Waste Connections, Inc. is a regional, integrated solid waste services company
that provides solid waste collection, transfer, disposal and recycling services
primarily in secondary markets of the Western U.S. As of September 30, 2001, we
served more than 780,000 commercial, industrial and residential customers in
California, Colorado, Iowa, Kansas, Minnesota, Mississippi, Montana, Nebraska,
New Mexico, Oklahoma, Oregon, South Dakota, Tennessee, Texas, Utah, Washington
and Wyoming. We currently own 73 collection operations and operate or own 35
transfer stations, 24 Subtitle D landfills and 17 recycling facilities.

We generally intend to pursue an acquisition-based growth strategy and as of
September 30, 2001 had acquired 129 businesses since our inception in September
1997. The results of operations of these acquired businesses have been included
in our financial statements only from the respective dates of acquisition,
except 14 acquisitions accounted for under the poolings-of-interests method of
accounting, which are included for all periods presented. We anticipate that a
substantial part of our future growth will come from acquiring additional solid
waste collection, transfer and disposal businesses and, therefore, we expect
additional acquisitions could continue to affect period-to-period comparisons of
our operating results.

GENERAL

Our revenues consist mainly of fees we charge customers for solid waste
collection, transfer, disposal and recycling services. A large part of our
collection revenues comes from providing commercial, industrial and residential
services. We frequently perform these services under service agreements or
franchise agreements with counties or municipal contracts. County franchise
agreements and municipal contracts generally last from one to ten years. Our
existing franchise agreements and all of our existing municipal contracts give
Waste Connections the exclusive right to provide specified waste services in the
specified territory during the contract term. These exclusive arrangements are
awarded, at least initially, on a competitive bid basis and subsequently on a
bid or negotiated basis. We also provide residential collection services on a
subscription basis with individual households. Approximately 50% of our revenues
for the nine months ended September 30, 2001 were derived from services provided
under exclusive franchise agreements, long term municipal contracts and
governmental certificates. Governmental certificates grant

                                       11


Waste Connections perpetual and exclusive collection rights in the covered
areas. Contracts with counties and municipalities and governmental certificates
provide relatively consistent cash flow during the terms of the contracts.
Because we bill most residential customers quarterly, subscription agreements
also provide a stable source of revenues for Waste Connections. Our collection
business also generates revenues from the sale of recyclable commodities.

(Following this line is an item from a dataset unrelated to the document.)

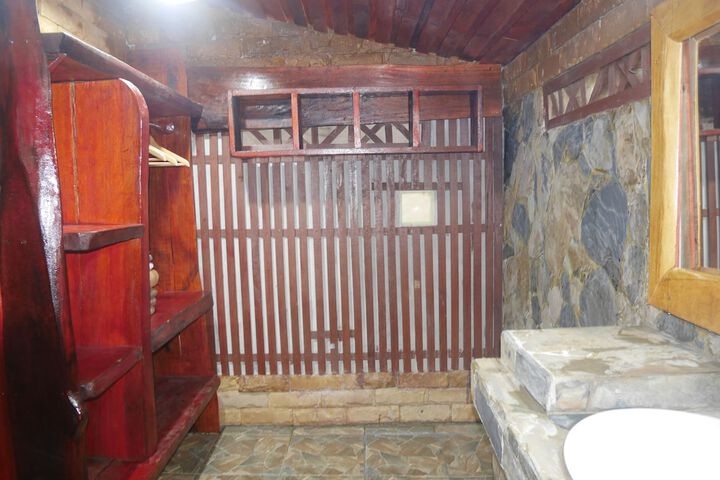 Room 242 of 288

We charge transfer station and landfill customers a tipping fee on a per ton
basis for disposing of their solid waste at the transfer stations and the
landfill facilities we own and operate. Most of our transfer and landfill
customers have entered into one to ten year disposal contracts with us, most of
which provide for annual cost of living increases.

We typically determine the prices for our solid waste services by the collection
frequency and level of service, route density, volume, weight and type of waste
collected, type of equipment and containers furnished, the distance to the
disposal or processing facility, the cost of disposal or processing, and prices
charged by competitors for similar services. The terms of our contracts
sometimes limit our ability to pass on price increases. Long-term solid waste
collection contracts typically contain a formula, generally based on a published
price index that automatically adjusts fees to cover increases in some, but not
all, operating costs.

Costs of operations include labor, fuel, equipment maintenance and tipping fees
paid to third party disposal facilities, worker's compensation and vehicle
insurance, the cost of materials we purchase for recycling, third party
transportation expense, district and state taxes and host community fees and
royalties. As of September 30, 2001, Waste Connections owned and/or operated 35
transfer stations, which reduce our costs by allowing us to use collection
personnel and equipment more efficiently and by consolidating waste to gain more
favorable disposal rates that may be available for larger quantities of waste.

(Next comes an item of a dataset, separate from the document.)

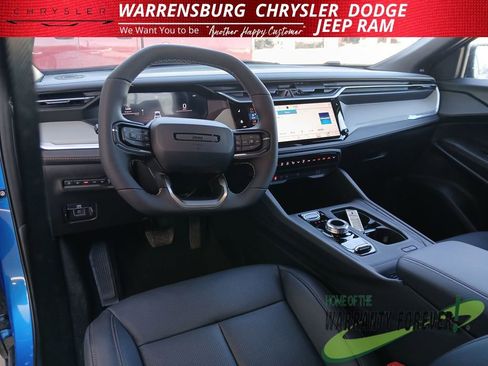 New 2026 Jeep Cherokee Limited image 17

Selling, general and administrative ("SG&A") expenses include management,
clerical and administrative compensation overhead costs associated with our
marketing and sales force, professional services and community relations
expense.

Depreciation and amortization expense includes depreciation of fixed assets over
their estimated useful lives using the straight-line method and amortization of
goodwill and other intangible assets using the straight-line method. As
described more fully below, goodwill and indefinite lived intangibles totaling
$45.3 million, resulting from acquisitions completed after June 30, 2001 were
not amortized. Landfill permitting, acquisition and preparation costs are
amortized as permitted airspace of the landfill is consumed. Landfill
preparation costs include the costs of construction associated with excavation,
liners, site berms and the installation of leak detection and leachate
collection systems. In determining the amortization rate for a landfill,
preparation costs include the total estimated costs to complete construction of
the landfill's permitted capacity. Units-of-production amortization rates are
determined annually for our operating landfills. The rates are determined by
management based on estimates provided by our internal and third party engineers
and consider the information provided by surveys which are performed at least
annually.

Waste Connections capitalizes some third-party expenditures related to pending
acquisitions or development projects, such as legal, engineering and interest
expenses. We expense indirect acquisition costs, such as executive and corporate
overhead, public relations and other corporate services, as we incur them. We
charge against net income any unamortized capitalized expenditures and advances
(net of any portion that we believe we may recover, through sale or otherwise)
that relate to any operation that is permanently shut down and any pending
acquisition or landfill development project that, we believe, will not be
completed. We routinely evaluate all capitalized costs, and expense those
related to projects that we believe are not likely to succeed. As of September
30, 2001, Waste Connections had capitalized $114,000 of expenditures relating to
landfill development projects and $113,000 in capitalized expenditures relating
to pending acquisitions.

In June 2001, the Financial Accounting Standards Board issued SFAS No. 141,
"Business Combinations", and No. 142, "Goodwill and Other Intangible Assets",
(collectively, the "Statements") effective for fiscal years beginning after
December 15, 2001. Under the new rules, goodwill and intangible assets deemed to
have indefinite lives will no longer be amortized but will be subject to annual
impairment tests in accordance with the Statements. Other intangible assets will
continue to be amortized over their estimated useful lives.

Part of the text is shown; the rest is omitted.